And she had a lot to say.

Vincent had some good memories of her stepfather, a man she once whacked with a baseball bat in an attempt to get him from beating up her mother.

“I don’t know how to say this, because it’s important and I want to get it right,” said Vincent, now a 39-year-old boxer who on Saturday at the Hulu Theater at Madison Square Garden in New York will rematch with archrival Heather Hardy for the vacant WBO featherweight title in a bout televised by HBO.

“My stepfather was abusing us. I don’t just want to gas this man, because you have to understand. He was a drunk and when he was drunk, he was a very bad drunk. When he was drunk, he was a different person. When he was sober, which wasn’t all that often, he was a good man. I have to say, he was a good man and I have some good memories of him. He taught me how to hunt and how to fish.

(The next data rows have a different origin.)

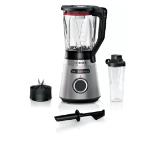 Bosch MMB6384M Series 4, VitaPower Blender, 1200 W, Glass ThermoSafe jug 1.5 l, Tritan ToGo bottle 0.6 l, Speed adjustment and pulse function, ProEdge stainless steel blades made in Solingen, Stainless steel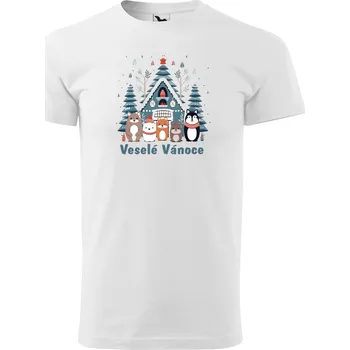 MALFINI Vánoční tričko Basic, bílé, Vánoční zvířátka Velikost: 5XL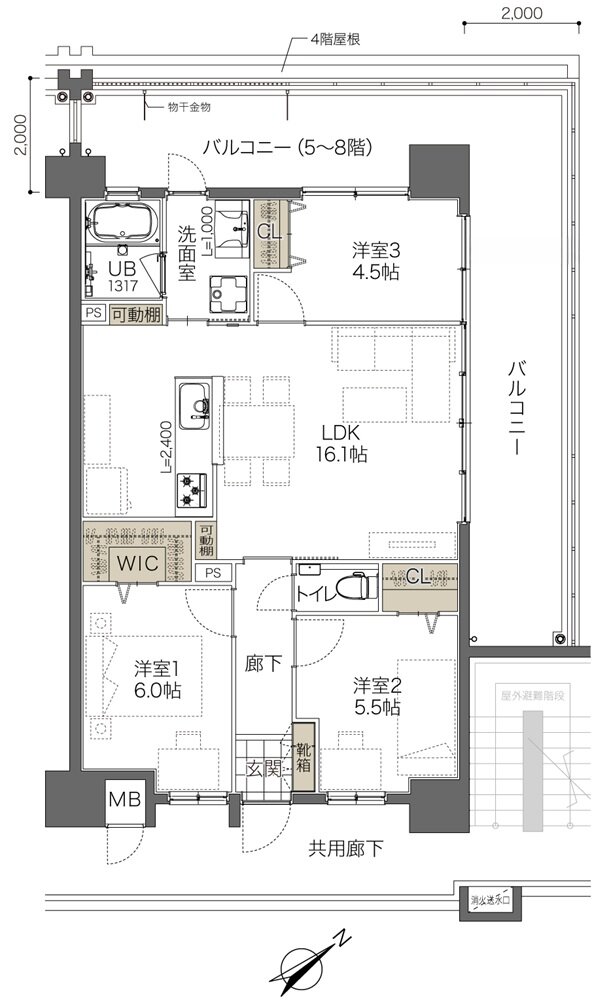 コンフォート ザ・プライム浦添港川 間取り G2タイプ
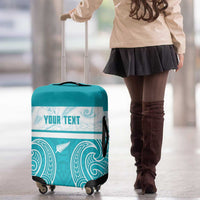 New Zealand Silver Fern Cricket Custom Luggage Cover Black Cap Teal Maori Pattern - Polynesian Pride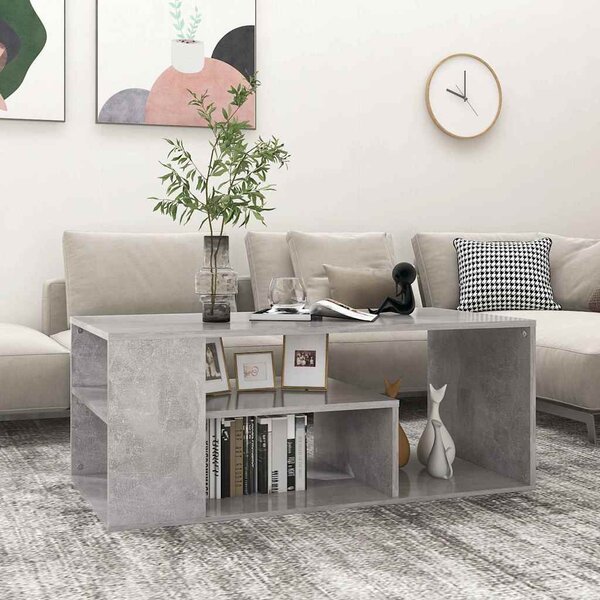 Betonszürke szerelt fa dohányzóasztal 100 x 50 x 40 cm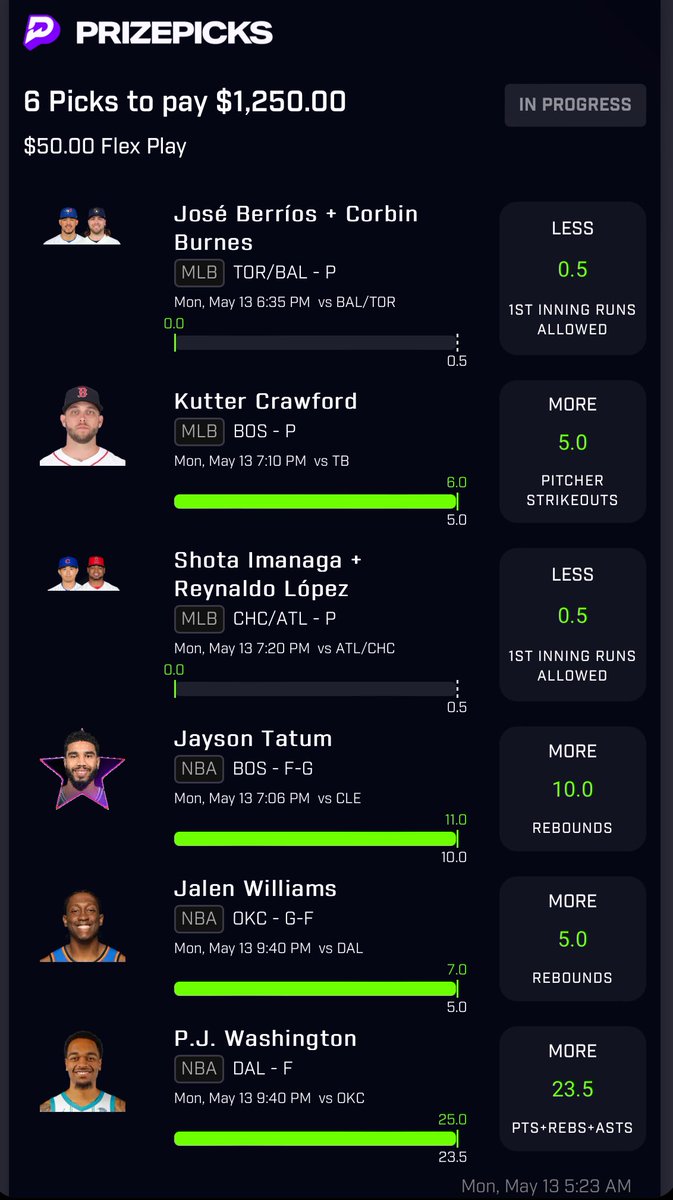 TheReal_JGPicks's tweet photo. GET OUT THE BROOMS🧹✅💰

First day back and we sweep and make 
$2.1k💸
 
We cashed all variations as well on discord for $900🤑

https://t.co/HGJFaPyTip

Maybe I should go back on vacation. 😂

May 13th🗓️💥

⚾️ATL vs CHC u0.5 1st Inning Runs✅
⚾️BAL vs TOR u0.5 1st Inning Runs✅
⚾️Kutter Crawford o5Ks✅
🏀Tatum o10 rebounds ✅
🏀Jalen Williams o5 rebounds ✅
🏀P.J Washington o23.5 PRA✅

| #PrizePicks | #GamblingTwitter |  #NBAPlayoffs | 
 #MLB  | #GamblingX |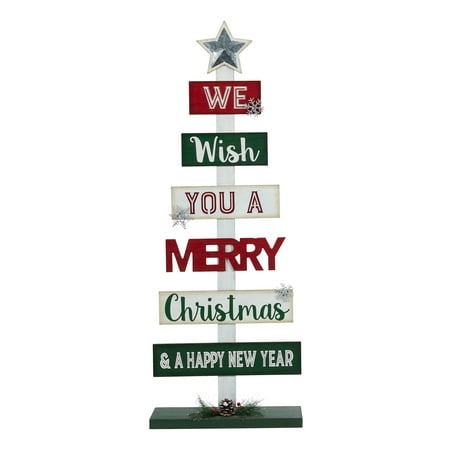 Holiday Time Standing Wooden Slat Christmas Tree Décor,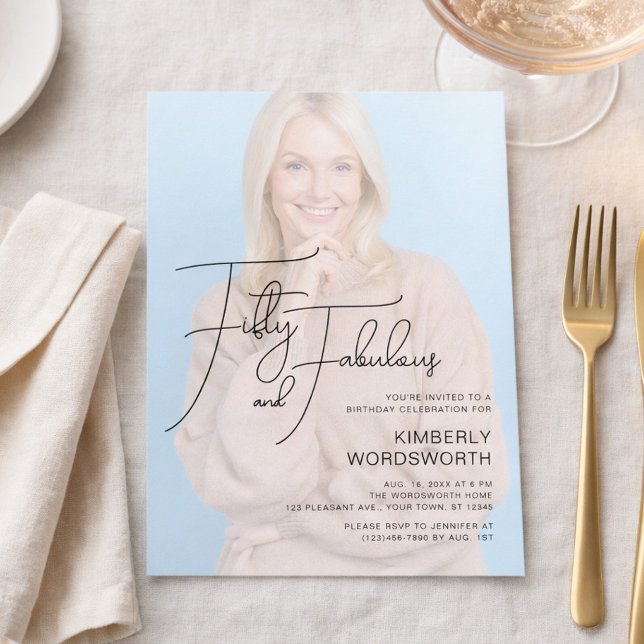 Invitación Fifty and Fabulous Photo 50th Birthday Party (Subido por el creador)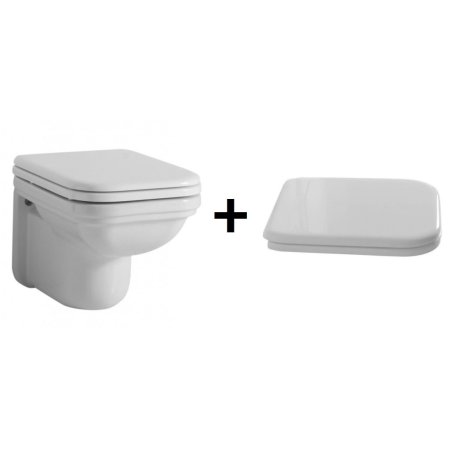 Kerasan Waldorf Zestaw Toaleta WC podwieszana 55x37 cm z deską sedesową wolnoopadającą, biały 411501+418801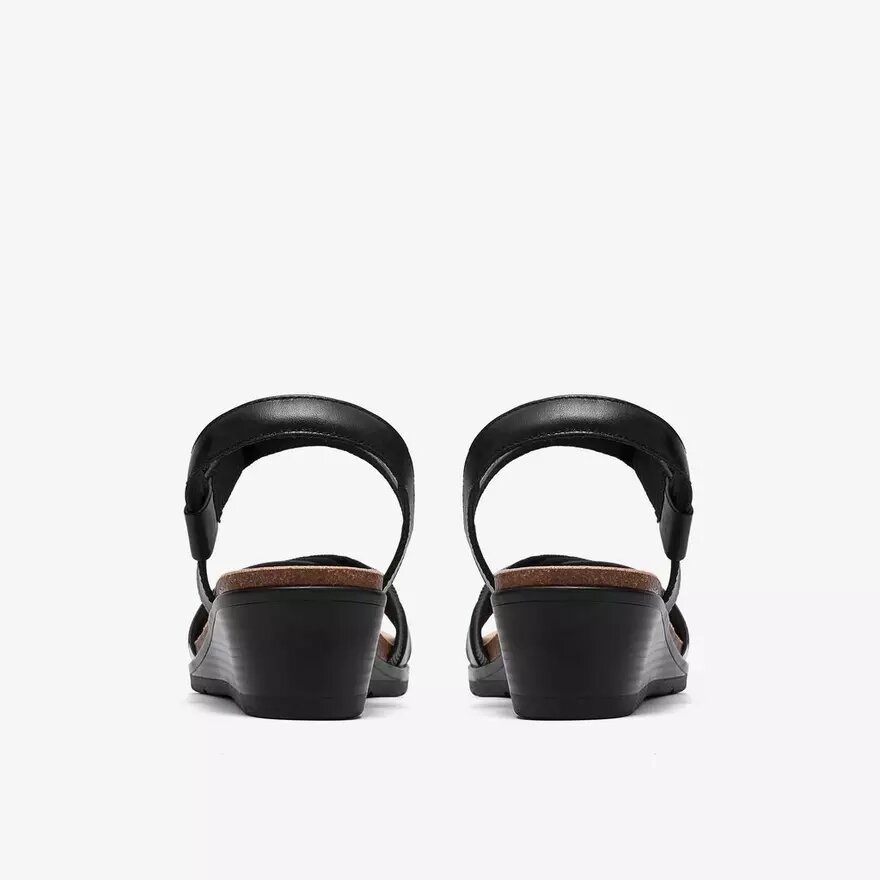 Sandales compensées Kacha Twist en cuir noir pour femme Sandales compensées Kacha Twist en cuir noir pour femme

We did things together and I cherish some of those memories.

“But he drank so much. My God, it seemed like he was always drinking. When he was drinking, it would happen. The memories: Yeah, there were some good times, but some of the things, it seemed like it would never end.”

Vincent fights with a passion undoubtedly fueled by her past. She fought Hardy in 2016 in a bout on NBC Sports Network that was named the Ring Magazine’s female Fight of the Year. Vincent never gave up and gave as good as she got throughout, though she lost a disputed decision.

She had no choice but to fight, or she would never have lived past her teenage years. In addition to her stepfather physically abusing her, she was raped by one of her mother’s later boyfriends.

The other day, she saw herself on a billboard in Herald Square in New York promoting her fight, and couldn’t help but think of her late mother, who died in 2001 of leukemia.

She wrote on Facebook, “I was supposed to be dead … I already beat the biggest fights of my life. … I’m here HEALTHY and breathing. I beat rape. I beat abuse. I beat ridicule.”

Hardy is also a survivor of sexual assault, and few people have had to endure the chaotic life Vincent did. Rage didn’t fuel her interest in boxing, she said, though it did help.

But she found that hitting the heavy bag made a difference in her life.

“I was able to channel my depression when I was hitting that bag,” she said. “The anger also, of course, but when I’d hit that bag, I’d cry. And I realized that when I was doing that, it was the only time I felt good and I wasn’t depressed.”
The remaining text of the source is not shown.